I.        DEFINITIONS

          Capitalized terms used in this Exhibit A and not otherwise defined herein shall have the meanings assigned to them in the Agreement to which this Exhibit A is attached (the “Agreement”). Additionally, the following terms shall have the meanings set forth below.

          “Affiliate,” means an entity affiliated with the Company.

          “Change in Control”. For purposes of this Agreement, a “Change in Control” means any one or more of the following events (except for a Sale of the Bone-Stimulation Business):

          (1)     When the individuals who, at the beginning of any period of two years or less, constituted the Board cease, for any reason, to constitute at least a majority thereof unless the election or nomination for election of each new director was approved by the vote of at least two thirds of the directors then still in office who were directors at the beginning of such period;

          (2)     A change of control of the Company through a transaction or series of transactions, such that any person (as that term is used in Section 13 and 14(d)(2) of the Securities Exchange Act of 1934 [“1934 Act”]), excluding Affiliates of the Company as of the Effective Date, is or becomes the beneficial owner (as that term is used in Section 13[d] of the 1934 Act) directly or indirectly, of securities of the Company representing 20% or more of the combined voting power of the Company’s then outstanding securities;

          (3)     Any merger, consolidation or liquidation of the Company in which the Company is not the continuing or surviving company or pursuant to which stock would be converted into cash, securities or other property, other than a merger of the Company in which the holders of the shares of stock immediately before the merger have the same proportionate ownership of common stock of the surviving company immediately after the merger;

          (4)     The shareholders of the Company approve any plan or proposal for the liquidation or dissolution of the Company; or

          Substantially all of the assets of the Company are sold or otherwise transferred to parties that are not within a “controlled group of corporations” (as defined in Section 1563 of the Internal Revenue Code of 1986, as amended (the “Code”) in which Parent is a member prior to such sale or transfer.

          (5)     “Code,” means the Internal Revenue Code of 1986, as amended.
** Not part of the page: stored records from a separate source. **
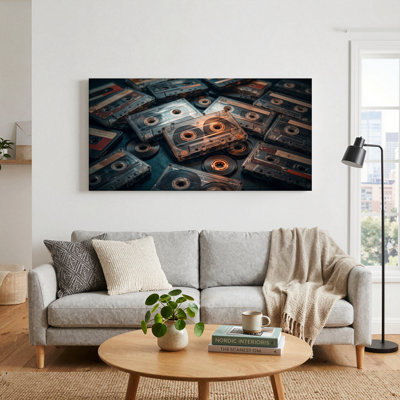 Ensemble de 1 tableau sur toile représentant des cassettes audio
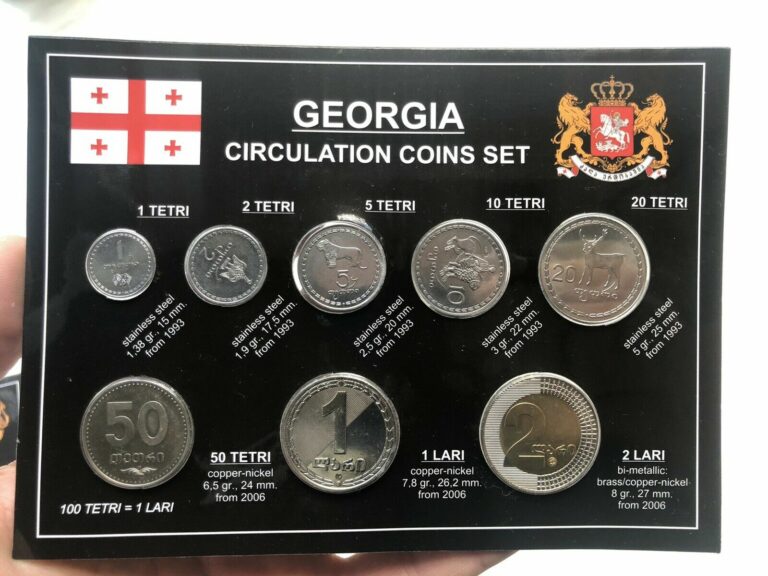 Read more about the article x25 set of GEORGIA COINS NOW IN USE GEORGIAN MONEY CURRENCY LARI TETRI 1 2 – UNC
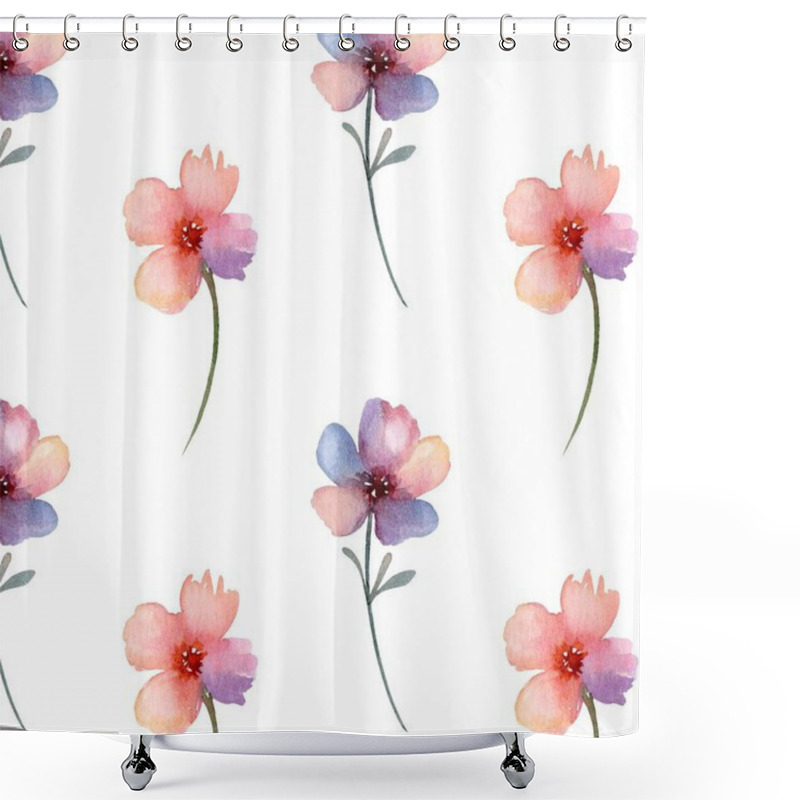 Personality  A Delicate Floral Pattern Showcases Various Flowers In Shades Of Pink And Purple Against A Clean White Background, Creating A Fresh And Vibrant Aesthetic For Any Decor. Shower Curtains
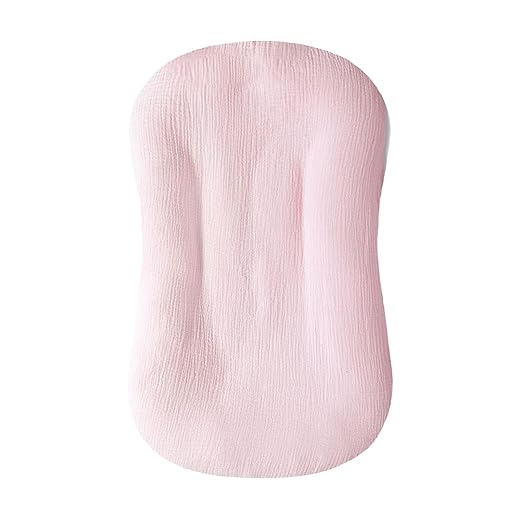 Hooyax Muslin Baby Lounger Cover Soft Organic Cotton Slipcover Fits Newborn Lounger for Baby Boys and Girls (Pink)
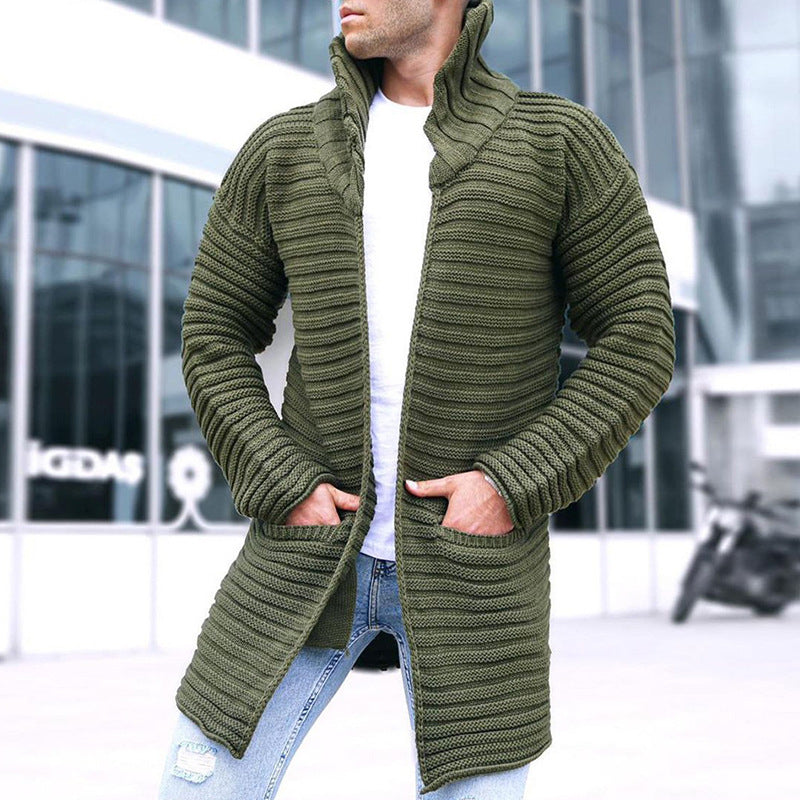 Dirkwin - Lange Herren Strickjacke mit Kapuze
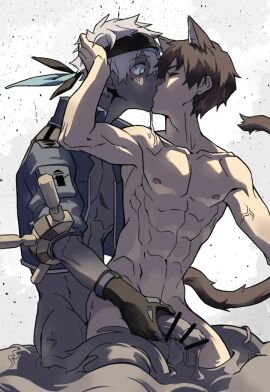 eyes_open kissing male male_only patientz skinny slime white_hair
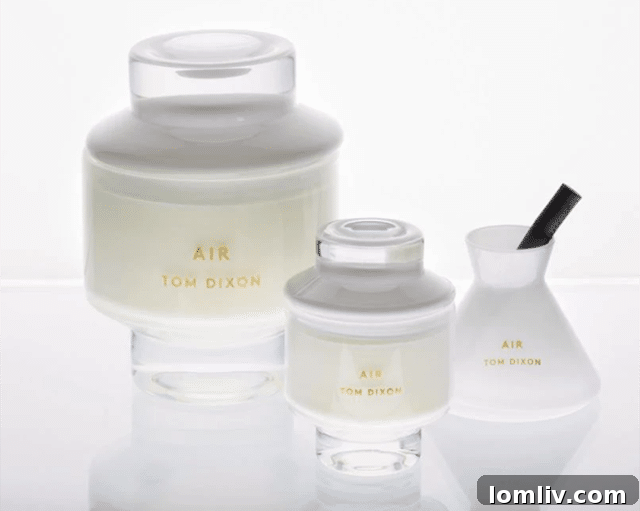 Tom Dixon's Air Elements diffuser, defined by floral notes of pink pepper, white tea, and neroli oil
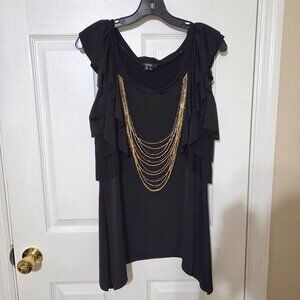 XOXO Black Ruffle Sleeve Top with Gold Chain Detail – Size L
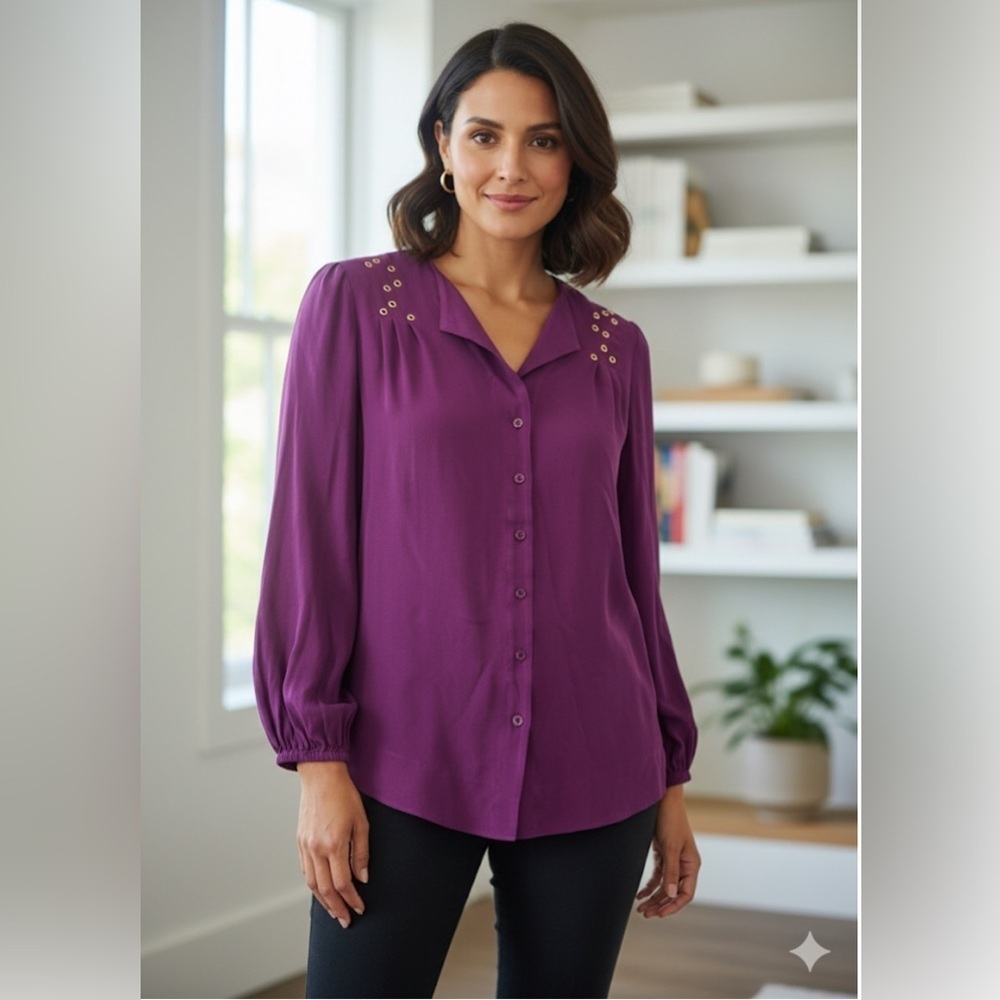 Escada Grommet Detail Silk Button Down Top Size 38 US6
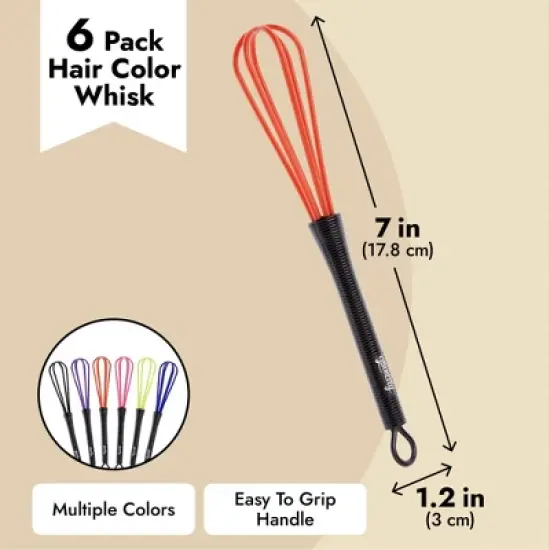 Glamlily 6 Pack Mini Whisk Set for Hair Dye Color Mixing, Cream Mixer, Salon or Home Use 7 x 1.2 in. image {5}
          (6)     “Sale of the Bone-Stimulation Business.” For purposes of this Agreement, a “Sale of the Bone-Stimulation Business” shall be deemed to have occurred if the Company sells or disposes of (in one transaction or a series of transactions) all or substantially all of the long-bone and spinal stimulation businesses presently conducted by the Company.

 


 

EXHIBIT B

CALCULATION OF SPECIAL BONUSES

I.       BONUS AFTER A CHANGE IN CONTROL

          Upon the closing of a Change in Control while he is still an employee of the Company, Employee shall be entitled to receive, as a lump sum, a special bonus payment according to the following schedule:

          *****

          If the net per share price falls between targets listed above, a straight-line interpolation of the lump sum bonus amount shall occur.

II.      BONUS AFTER A SALE OF THE BONE-STIMULATION BUSINESS

          Upon the closing of a Sale of the Bone-Stimulation Business while he is still an employee of the Company, Employee shall be entitled to receive, as a lump sum, a special bonus payment equal to one-half of 1% of the selling price.


**Text has been omitted pursuant to a confidentiality request. Omitted text has been filed with the Securities & Exchange Commission.